How to complete this task:
Take the material below and extract the lines from the one with "Обшивка центральной стойки левая верхняя" through the one with "Ensemble de survêtement", word for word, without pictures.

Recorded information:

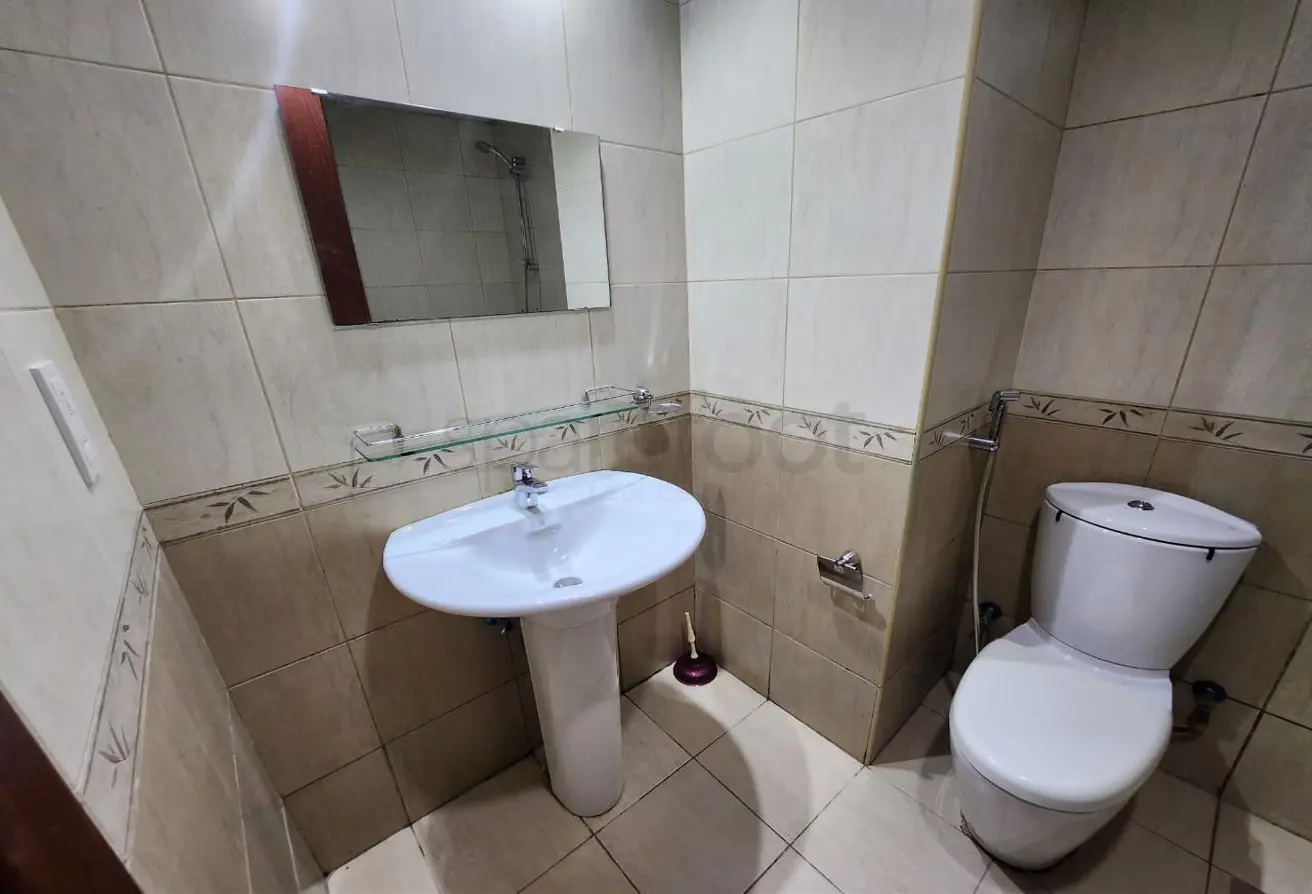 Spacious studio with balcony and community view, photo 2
---
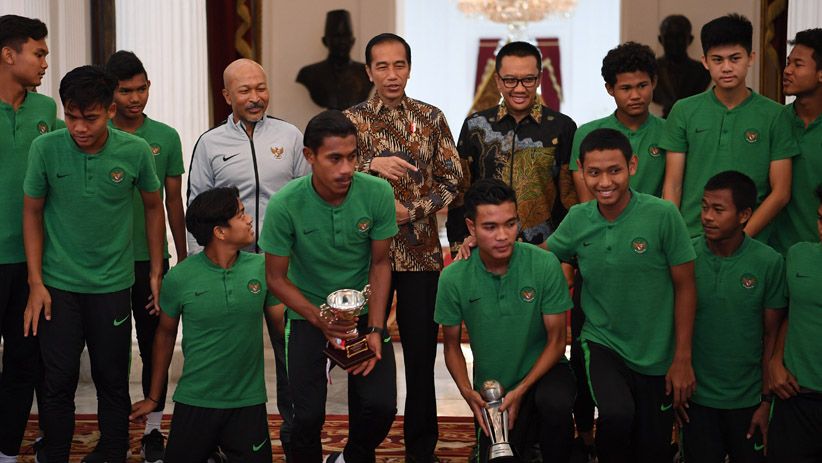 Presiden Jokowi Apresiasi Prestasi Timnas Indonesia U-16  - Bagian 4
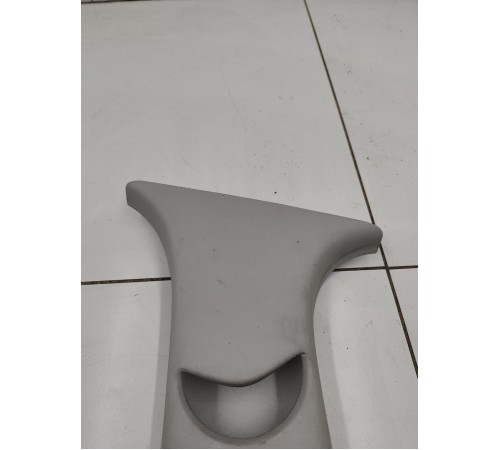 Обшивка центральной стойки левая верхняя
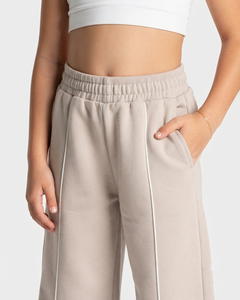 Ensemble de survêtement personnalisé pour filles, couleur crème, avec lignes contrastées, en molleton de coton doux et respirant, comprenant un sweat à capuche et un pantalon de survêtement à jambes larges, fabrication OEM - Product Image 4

Task solution:
 Обшивка центральной стойки левая верхняя
 Ensemble de survêtement personnalisé pour filles, couleur crème, avec lignes contrastées, en molleton de coton doux et respirant, comprenant un sweat à capuche et un pantalon de survêtement à jambes larges, fabrication OEM - Product Image 4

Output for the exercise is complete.